*** Opening Records supplied ***
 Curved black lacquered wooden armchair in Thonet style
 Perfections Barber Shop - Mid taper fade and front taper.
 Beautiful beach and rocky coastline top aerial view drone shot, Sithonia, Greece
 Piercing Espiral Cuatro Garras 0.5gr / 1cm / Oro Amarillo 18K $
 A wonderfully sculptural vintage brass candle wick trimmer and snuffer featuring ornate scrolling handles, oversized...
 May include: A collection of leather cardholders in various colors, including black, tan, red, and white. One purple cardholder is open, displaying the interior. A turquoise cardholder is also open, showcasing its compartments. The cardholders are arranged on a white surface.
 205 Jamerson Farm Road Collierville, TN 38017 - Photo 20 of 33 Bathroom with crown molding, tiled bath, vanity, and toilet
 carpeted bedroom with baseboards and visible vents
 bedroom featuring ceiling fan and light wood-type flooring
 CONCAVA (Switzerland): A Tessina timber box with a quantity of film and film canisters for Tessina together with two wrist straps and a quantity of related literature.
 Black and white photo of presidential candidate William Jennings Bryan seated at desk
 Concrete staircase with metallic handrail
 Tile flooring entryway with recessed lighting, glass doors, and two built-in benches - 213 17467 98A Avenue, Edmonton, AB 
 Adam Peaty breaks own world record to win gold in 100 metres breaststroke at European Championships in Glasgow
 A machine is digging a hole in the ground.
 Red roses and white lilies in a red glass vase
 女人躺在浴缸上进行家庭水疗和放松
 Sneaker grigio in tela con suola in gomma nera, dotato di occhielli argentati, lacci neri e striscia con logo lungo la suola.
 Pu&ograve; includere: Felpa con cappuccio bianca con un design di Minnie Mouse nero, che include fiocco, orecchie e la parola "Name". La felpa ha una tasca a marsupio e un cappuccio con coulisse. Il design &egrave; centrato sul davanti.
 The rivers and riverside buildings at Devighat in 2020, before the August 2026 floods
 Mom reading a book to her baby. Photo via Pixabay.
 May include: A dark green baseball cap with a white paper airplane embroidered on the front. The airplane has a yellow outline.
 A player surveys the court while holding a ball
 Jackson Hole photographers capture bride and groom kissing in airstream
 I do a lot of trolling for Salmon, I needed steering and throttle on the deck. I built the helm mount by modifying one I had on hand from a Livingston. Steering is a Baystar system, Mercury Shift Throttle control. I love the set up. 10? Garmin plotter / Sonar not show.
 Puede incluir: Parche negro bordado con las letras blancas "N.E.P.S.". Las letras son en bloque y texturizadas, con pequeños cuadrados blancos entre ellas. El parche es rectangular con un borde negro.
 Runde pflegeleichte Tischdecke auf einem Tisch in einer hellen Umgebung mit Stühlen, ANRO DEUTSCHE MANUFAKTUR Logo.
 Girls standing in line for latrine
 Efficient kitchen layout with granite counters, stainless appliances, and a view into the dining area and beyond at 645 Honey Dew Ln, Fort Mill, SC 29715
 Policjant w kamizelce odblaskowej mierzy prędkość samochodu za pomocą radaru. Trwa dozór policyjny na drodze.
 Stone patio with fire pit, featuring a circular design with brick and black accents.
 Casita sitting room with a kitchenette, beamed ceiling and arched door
*** Closing Records supplied ***
> What is expected
Nothing but the lines from the one with "女人躺在浴缸上进行家庭水疗和放松" through the final line of the records may appear in the answer, and each must be transcribed exactly.

> Response to this task
 女人躺在浴缸上进行家庭水疗和放松
 Sneaker grigio in tela con suola in gomma nera, dotato di occhielli argentati, lacci neri e striscia con logo lungo la suola.
 Pu&ograve; includere: Felpa con cappuccio bianca con un design di Minnie Mouse nero, che include fiocco, orecchie e la parola "Name". La felpa ha una tasca a marsupio e un cappuccio con coulisse. Il design &egrave; centrato sul davanti.
 The rivers and riverside buildings at Devighat in 2020, before the August 2026 floods
 Mom reading a book to her baby. Photo via Pixabay.
 May include: A dark green baseball cap with a white paper airplane embroidered on the front. The airplane has a yellow outline.
 A player surveys the court while holding a ball
 Jackson Hole photographers capture bride and groom kissing in airstream
 I do a lot of trolling for Salmon, I needed steering and throttle on the deck. I built the helm mount by modifying one I had on hand from a Livingston. Steering is a Baystar system, Mercury Shift Throttle control. I love the set up. 10? Garmin plotter / Sonar not show.
 Puede incluir: Parche negro bordado con las letras blancas "N.E.P.S.". Las letras son en bloque y texturizadas, con pequeños cuadrados blancos entre ellas. El parche es rectangular con un borde negro.
 Runde pflegeleichte Tischdecke auf einem Tisch in einer hellen Umgebung mit Stühlen, ANRO DEUTSCHE MANUFAKTUR Logo.
 Girls standing in line for latrine
 Efficient kitchen layout with granite counters, stainless appliances, and a view into the dining area and beyond at 645 Honey Dew Ln, Fort Mill, SC 29715
 Policjant w kamizelce odblaskowej mierzy prędkość samochodu za pomocą radaru. Trwa dozór policyjny na drodze.
 Stone patio with fire pit, featuring a circular design with brick and black accents.
 Casita sitting room with a kitchenette, beamed ceiling and arched door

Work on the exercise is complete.